Saturn's largest moon, Titan, is also the only moon known to have a dense atmosphere, comprising of mostly nitrogen. It is the only celestial body, other than Earth, to have stable bodies of surface liquid.
Titan has a diameter of 3,200 miles (5,150 kilometers), making it almost 50% larger than Earth's moon, which has a diameter of 2,158 miles (3,474 kilometers).
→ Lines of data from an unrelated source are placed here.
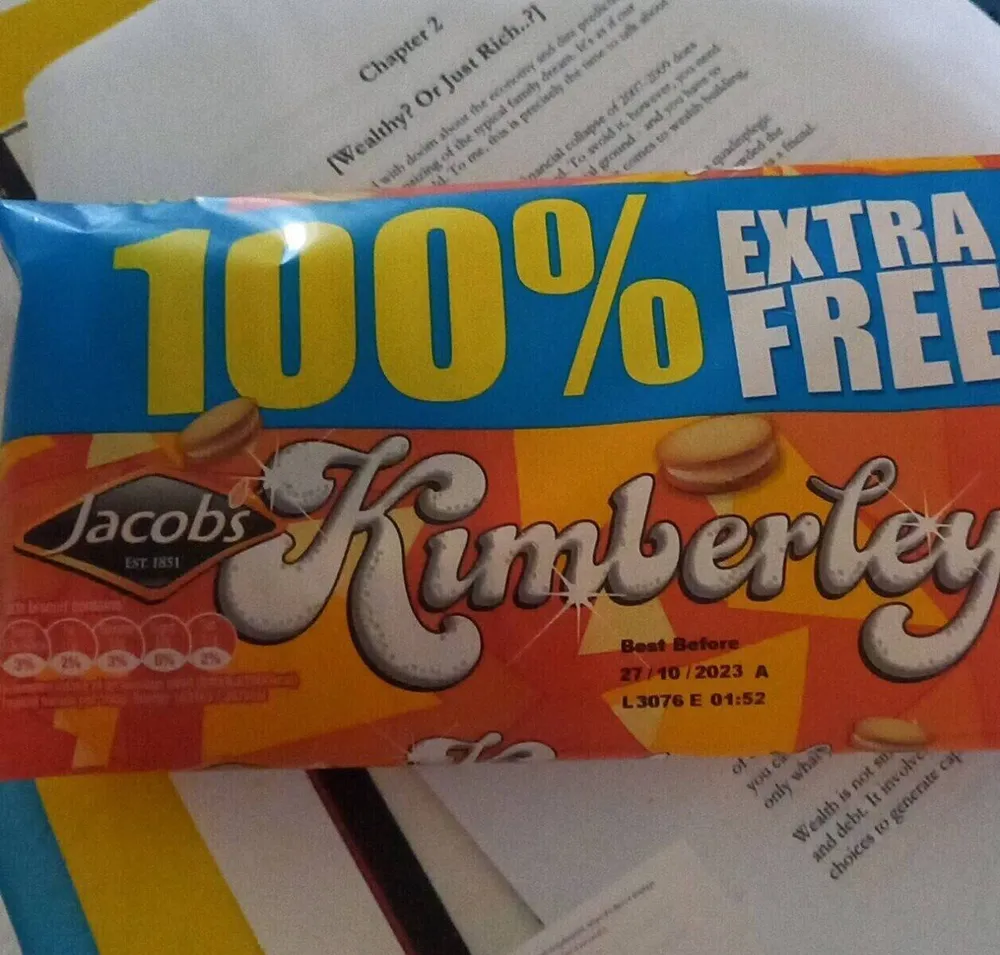 Kimberley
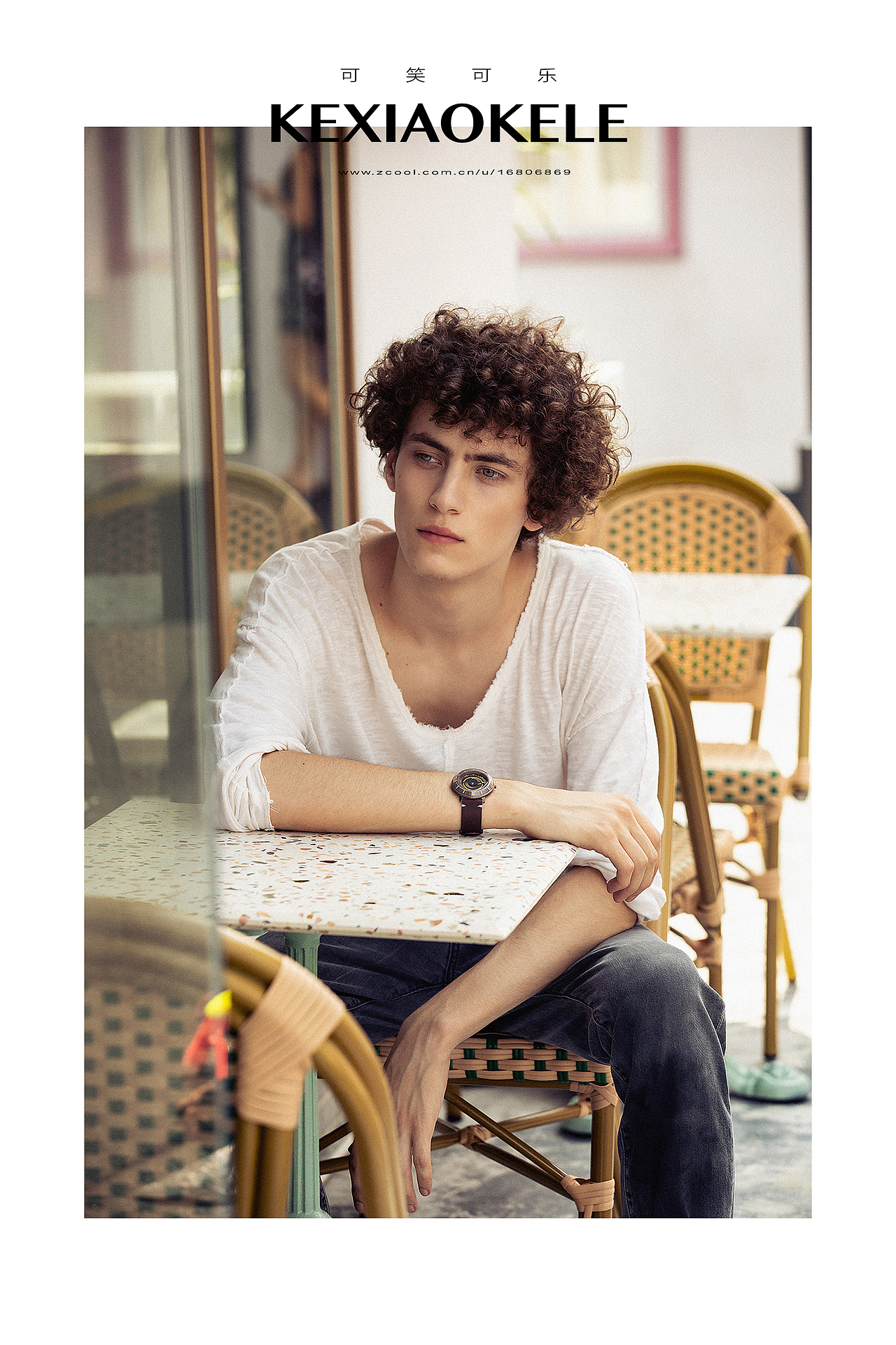 手表（图ZMTc0NDEzMTg4） - 时尚/艺术摄影 - 站酷设计师摄影师viora原创素材 - 站酷ZCOOL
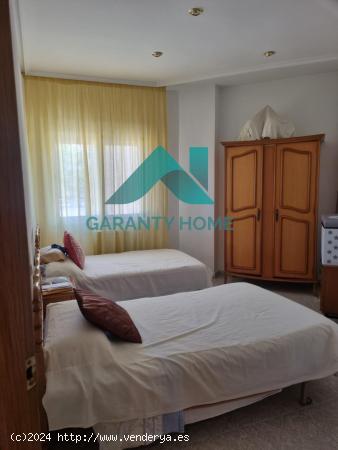 SE VENDE APARTAMENTO EN ZONA EL VIVERO - CACERES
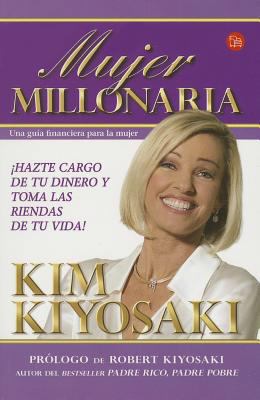 Mujer Millonaria: Una Guía Financiera Para La M... [Spanish] 6071125537 Book Cover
The temperature there is minus 290 Fahrenheit (minus 179 degrees Celsius), according to space.com.
Methane is thus found there in its liquid form, while water becomes as hard as a rock.
Last year, a new research published in the journal — Science, stated that Titan had undergone a Mars-like evolution.
Researchers at the Massachusetts Institute of Technology (MIT) had studied the river maps of Titan, Mars, and Earth and concluded that the satellite's topography is more similar to the red planet than our planet.
"While the processes that created Titan's topography are still enigmatic, this [research] rules out some of the mechanisms we're most familiar with on Earth," said Benjamin Black, who is the lead author of the study and former MIT graduate student, according to the space.com.
Saturn's moons have been baffling scientists for quite some now. A recent study suggested that methane found on Saturn's moon Enceladus — the sixth-largest moon of Saturn — could be a byproduct of alien activities.
Researchers carried out an experiment on some hardy microbes, which can survive extremely tough conditions like the freezing environment of Enceladus. They observed these microbes were feeding on hydrogen to produce a biological byproduct, which is methane.
Similarly, researchers, after studying spectroscopic data collected by the Atacama Large Millimeter/submillimeter Array (ALMA) in northern Chile, suggested that the moon's unique environmental conditions can make, in theory, vinyl cyanide, which is in abundance in Titan's atmosphere, to form "cell-like" membranes.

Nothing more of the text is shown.